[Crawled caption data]
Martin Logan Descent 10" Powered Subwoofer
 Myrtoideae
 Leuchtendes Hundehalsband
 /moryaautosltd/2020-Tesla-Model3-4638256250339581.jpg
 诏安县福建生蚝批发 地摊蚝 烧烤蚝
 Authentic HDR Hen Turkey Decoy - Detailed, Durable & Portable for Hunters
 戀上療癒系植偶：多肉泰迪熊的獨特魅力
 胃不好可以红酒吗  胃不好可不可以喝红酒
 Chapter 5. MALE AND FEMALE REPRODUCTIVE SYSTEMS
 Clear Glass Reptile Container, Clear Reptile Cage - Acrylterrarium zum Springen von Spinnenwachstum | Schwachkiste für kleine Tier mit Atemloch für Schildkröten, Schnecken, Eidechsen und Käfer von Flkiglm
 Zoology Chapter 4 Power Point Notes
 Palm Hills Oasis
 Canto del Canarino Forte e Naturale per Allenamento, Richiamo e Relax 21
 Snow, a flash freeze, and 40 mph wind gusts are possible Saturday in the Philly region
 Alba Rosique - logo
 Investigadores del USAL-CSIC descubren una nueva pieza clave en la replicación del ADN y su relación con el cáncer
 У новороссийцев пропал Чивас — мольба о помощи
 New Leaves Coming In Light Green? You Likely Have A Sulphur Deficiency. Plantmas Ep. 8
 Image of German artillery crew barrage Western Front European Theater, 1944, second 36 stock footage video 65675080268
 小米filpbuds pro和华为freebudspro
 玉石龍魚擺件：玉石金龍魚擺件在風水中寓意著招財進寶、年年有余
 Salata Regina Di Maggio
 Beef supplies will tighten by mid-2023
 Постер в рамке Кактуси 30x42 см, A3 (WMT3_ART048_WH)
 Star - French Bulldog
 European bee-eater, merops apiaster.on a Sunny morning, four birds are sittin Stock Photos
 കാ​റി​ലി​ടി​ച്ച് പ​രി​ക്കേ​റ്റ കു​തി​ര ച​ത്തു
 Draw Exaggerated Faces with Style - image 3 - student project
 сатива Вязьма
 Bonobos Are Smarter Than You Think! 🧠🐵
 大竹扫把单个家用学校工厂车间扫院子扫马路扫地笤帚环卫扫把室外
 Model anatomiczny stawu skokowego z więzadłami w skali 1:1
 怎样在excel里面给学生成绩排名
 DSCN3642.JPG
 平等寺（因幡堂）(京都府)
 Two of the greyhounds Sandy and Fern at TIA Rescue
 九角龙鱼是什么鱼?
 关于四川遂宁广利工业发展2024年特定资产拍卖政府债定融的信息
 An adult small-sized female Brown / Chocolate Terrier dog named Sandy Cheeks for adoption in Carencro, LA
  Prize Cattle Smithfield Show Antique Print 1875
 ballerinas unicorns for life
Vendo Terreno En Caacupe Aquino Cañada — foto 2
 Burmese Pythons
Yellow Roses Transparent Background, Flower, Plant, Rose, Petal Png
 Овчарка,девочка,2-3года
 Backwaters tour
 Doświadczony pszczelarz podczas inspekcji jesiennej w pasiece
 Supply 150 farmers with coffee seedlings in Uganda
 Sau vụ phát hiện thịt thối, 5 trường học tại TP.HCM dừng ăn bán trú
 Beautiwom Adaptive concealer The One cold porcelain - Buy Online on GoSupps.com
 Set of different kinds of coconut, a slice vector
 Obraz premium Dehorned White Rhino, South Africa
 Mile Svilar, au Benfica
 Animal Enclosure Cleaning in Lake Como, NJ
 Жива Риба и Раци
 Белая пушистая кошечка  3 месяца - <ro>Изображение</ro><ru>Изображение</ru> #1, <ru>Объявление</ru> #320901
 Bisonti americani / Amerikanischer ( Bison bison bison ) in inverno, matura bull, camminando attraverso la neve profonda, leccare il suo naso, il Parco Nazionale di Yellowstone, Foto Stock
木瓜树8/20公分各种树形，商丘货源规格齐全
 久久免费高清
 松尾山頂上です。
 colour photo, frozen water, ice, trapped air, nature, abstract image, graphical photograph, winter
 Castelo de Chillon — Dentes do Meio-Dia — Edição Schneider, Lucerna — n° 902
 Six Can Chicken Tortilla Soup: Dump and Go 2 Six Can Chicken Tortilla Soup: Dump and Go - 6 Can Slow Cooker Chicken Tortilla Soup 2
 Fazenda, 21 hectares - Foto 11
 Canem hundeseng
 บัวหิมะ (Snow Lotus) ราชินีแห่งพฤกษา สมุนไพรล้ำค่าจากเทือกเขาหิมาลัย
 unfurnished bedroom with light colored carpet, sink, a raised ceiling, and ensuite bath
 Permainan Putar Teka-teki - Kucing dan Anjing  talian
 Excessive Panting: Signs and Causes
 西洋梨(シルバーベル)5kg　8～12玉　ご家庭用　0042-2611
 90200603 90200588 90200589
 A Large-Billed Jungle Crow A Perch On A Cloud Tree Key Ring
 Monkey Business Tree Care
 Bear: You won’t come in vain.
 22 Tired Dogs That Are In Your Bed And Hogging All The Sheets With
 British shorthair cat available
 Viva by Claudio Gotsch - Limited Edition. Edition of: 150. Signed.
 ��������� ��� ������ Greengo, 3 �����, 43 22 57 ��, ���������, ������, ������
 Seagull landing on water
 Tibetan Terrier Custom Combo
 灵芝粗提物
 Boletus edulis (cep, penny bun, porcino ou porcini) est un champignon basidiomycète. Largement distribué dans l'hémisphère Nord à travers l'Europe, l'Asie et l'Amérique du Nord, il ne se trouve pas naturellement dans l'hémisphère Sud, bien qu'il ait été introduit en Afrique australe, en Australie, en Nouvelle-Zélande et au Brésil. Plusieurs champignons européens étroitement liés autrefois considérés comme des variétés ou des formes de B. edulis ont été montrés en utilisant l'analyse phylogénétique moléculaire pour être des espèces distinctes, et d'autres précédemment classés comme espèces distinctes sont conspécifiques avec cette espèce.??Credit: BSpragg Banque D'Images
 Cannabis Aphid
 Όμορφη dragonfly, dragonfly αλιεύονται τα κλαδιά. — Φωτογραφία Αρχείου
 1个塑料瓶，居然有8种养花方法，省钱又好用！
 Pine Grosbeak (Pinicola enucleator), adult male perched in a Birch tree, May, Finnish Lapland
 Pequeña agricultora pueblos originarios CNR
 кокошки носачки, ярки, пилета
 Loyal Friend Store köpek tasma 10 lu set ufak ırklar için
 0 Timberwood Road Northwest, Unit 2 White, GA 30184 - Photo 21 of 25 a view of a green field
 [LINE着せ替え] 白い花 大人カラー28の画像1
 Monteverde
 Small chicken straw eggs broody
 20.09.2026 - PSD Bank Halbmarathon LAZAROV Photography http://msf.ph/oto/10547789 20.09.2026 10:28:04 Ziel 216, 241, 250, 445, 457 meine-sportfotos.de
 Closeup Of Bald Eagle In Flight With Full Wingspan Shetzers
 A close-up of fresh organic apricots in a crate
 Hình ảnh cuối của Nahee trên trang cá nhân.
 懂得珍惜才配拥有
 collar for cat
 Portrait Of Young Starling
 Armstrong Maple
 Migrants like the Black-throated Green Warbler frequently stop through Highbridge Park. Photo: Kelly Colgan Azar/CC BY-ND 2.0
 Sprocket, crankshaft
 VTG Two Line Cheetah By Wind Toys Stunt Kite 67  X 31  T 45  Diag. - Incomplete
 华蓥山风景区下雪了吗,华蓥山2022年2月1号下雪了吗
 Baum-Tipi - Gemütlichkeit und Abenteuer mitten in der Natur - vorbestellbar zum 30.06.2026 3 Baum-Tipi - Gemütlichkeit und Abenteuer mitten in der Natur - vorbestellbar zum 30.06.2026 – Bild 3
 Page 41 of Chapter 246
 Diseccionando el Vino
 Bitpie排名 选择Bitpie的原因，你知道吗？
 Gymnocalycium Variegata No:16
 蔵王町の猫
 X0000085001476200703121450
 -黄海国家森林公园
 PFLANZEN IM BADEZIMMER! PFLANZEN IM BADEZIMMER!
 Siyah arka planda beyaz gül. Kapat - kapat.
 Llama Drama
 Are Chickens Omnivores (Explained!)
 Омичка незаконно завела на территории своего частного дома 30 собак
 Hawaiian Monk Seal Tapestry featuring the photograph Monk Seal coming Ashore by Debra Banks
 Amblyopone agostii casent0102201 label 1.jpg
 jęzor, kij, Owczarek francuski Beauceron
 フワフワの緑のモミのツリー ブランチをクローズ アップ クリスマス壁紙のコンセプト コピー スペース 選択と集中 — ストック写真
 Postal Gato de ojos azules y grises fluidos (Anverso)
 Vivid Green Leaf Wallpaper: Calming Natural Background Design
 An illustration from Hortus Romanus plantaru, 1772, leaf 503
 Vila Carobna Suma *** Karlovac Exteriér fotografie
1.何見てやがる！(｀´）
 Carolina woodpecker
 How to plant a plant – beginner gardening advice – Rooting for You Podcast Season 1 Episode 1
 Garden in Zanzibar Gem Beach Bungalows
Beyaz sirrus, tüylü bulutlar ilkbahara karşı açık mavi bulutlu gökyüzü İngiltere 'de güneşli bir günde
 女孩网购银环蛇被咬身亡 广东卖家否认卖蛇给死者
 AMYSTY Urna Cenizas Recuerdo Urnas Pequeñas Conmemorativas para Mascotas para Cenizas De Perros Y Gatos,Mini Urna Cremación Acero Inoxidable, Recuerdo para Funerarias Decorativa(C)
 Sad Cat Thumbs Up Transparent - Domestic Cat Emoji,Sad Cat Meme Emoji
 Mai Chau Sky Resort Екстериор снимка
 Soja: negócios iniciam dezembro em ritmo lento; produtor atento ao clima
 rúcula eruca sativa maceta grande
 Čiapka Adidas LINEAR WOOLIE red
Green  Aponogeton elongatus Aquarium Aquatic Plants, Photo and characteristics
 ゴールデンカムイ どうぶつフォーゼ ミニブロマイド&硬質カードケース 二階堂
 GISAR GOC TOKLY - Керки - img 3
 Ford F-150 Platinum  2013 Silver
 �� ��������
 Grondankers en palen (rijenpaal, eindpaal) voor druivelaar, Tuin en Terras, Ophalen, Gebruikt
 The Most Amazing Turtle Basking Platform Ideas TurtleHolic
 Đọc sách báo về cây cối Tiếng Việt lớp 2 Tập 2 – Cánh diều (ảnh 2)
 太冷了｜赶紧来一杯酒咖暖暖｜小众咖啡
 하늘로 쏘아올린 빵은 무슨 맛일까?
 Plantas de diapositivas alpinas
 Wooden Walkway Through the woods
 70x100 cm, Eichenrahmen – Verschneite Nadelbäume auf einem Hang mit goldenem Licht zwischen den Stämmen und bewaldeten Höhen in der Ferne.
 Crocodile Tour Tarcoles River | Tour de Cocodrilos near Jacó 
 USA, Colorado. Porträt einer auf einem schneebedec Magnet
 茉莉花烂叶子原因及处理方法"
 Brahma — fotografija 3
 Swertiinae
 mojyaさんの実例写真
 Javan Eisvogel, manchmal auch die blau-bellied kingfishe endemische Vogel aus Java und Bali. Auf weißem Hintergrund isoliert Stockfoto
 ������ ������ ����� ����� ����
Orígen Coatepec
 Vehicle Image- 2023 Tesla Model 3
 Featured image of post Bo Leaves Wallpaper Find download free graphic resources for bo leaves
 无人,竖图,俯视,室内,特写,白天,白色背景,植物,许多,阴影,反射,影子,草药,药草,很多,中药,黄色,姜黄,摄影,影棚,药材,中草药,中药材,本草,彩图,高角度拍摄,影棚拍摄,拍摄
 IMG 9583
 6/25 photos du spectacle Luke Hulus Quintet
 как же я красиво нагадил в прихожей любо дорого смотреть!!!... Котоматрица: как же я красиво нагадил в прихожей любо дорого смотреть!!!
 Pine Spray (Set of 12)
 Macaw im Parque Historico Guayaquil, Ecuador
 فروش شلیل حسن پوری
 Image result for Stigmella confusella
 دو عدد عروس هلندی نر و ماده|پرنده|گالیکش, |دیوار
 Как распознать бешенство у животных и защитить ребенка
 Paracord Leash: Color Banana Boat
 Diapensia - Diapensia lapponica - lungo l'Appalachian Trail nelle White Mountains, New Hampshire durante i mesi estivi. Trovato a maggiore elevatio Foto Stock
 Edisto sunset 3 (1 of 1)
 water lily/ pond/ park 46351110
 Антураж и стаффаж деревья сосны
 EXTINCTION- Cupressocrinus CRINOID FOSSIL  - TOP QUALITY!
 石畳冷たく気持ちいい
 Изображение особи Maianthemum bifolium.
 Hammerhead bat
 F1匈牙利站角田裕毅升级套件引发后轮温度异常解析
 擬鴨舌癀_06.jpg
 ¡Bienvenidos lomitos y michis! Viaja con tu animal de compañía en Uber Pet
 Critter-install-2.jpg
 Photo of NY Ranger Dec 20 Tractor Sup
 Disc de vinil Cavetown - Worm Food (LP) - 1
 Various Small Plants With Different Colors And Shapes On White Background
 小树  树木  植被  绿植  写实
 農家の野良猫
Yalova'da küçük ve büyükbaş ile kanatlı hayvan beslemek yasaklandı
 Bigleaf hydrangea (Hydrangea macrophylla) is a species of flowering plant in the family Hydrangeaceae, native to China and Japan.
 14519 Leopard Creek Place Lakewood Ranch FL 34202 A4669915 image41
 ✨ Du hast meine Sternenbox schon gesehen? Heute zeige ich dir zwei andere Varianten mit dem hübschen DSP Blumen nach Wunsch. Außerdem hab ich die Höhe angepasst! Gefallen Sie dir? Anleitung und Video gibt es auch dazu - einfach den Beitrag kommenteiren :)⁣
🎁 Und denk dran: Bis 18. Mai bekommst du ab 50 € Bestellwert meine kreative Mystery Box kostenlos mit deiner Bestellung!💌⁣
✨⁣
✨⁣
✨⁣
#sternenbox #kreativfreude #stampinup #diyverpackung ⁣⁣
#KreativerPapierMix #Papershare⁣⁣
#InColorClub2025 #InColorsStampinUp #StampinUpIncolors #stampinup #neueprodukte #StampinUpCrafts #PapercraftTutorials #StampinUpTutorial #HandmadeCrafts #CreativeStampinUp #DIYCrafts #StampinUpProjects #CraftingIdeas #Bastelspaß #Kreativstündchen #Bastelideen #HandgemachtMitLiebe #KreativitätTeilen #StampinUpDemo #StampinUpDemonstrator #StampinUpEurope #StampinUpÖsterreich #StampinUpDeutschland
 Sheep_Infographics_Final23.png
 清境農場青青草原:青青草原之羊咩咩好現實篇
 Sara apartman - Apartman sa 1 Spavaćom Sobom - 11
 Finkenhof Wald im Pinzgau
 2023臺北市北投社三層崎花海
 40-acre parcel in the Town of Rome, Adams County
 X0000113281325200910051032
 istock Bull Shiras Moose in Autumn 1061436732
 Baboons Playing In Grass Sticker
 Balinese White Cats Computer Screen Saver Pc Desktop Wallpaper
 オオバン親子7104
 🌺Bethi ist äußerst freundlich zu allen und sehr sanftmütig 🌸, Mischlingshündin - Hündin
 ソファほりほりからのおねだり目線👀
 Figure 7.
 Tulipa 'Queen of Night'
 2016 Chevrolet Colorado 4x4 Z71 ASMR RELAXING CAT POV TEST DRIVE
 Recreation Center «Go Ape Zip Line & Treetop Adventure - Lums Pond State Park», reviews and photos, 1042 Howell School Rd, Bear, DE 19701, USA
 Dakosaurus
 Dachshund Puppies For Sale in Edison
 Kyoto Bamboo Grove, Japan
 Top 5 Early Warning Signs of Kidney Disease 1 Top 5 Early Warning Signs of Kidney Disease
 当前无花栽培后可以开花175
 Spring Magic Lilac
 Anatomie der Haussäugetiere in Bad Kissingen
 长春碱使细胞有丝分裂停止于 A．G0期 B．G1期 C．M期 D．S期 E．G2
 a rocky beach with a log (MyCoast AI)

**What is required:**
Please reproduce the lines from the line with "Beitrag kommenteiren :)⁣" to the line with "#KreativerPapierMix #Papershare⁣⁣", both ends included, exactly as they appear above.

**Problem solution:**
 ✨ Du hast meine Sternenbox schon gesehen? Heute zeige ich dir zwei andere Varianten mit dem hübschen DSP Blumen nach Wunsch. Außerdem hab ich die Höhe angepasst! Gefallen Sie dir? Anleitung und Video gibt es auch dazu - einfach den Beitrag kommenteiren :)⁣
🎁 Und denk dran: Bis 18. Mai bekommst du ab 50 € Bestellwert meine kreative Mystery Box kostenlos mit deiner Bestellung!💌⁣
✨⁣
✨⁣
✨⁣
#sternenbox #kreativfreude #stampinup #diyverpackung ⁣⁣
#KreativerPapierMix #Papershare⁣⁣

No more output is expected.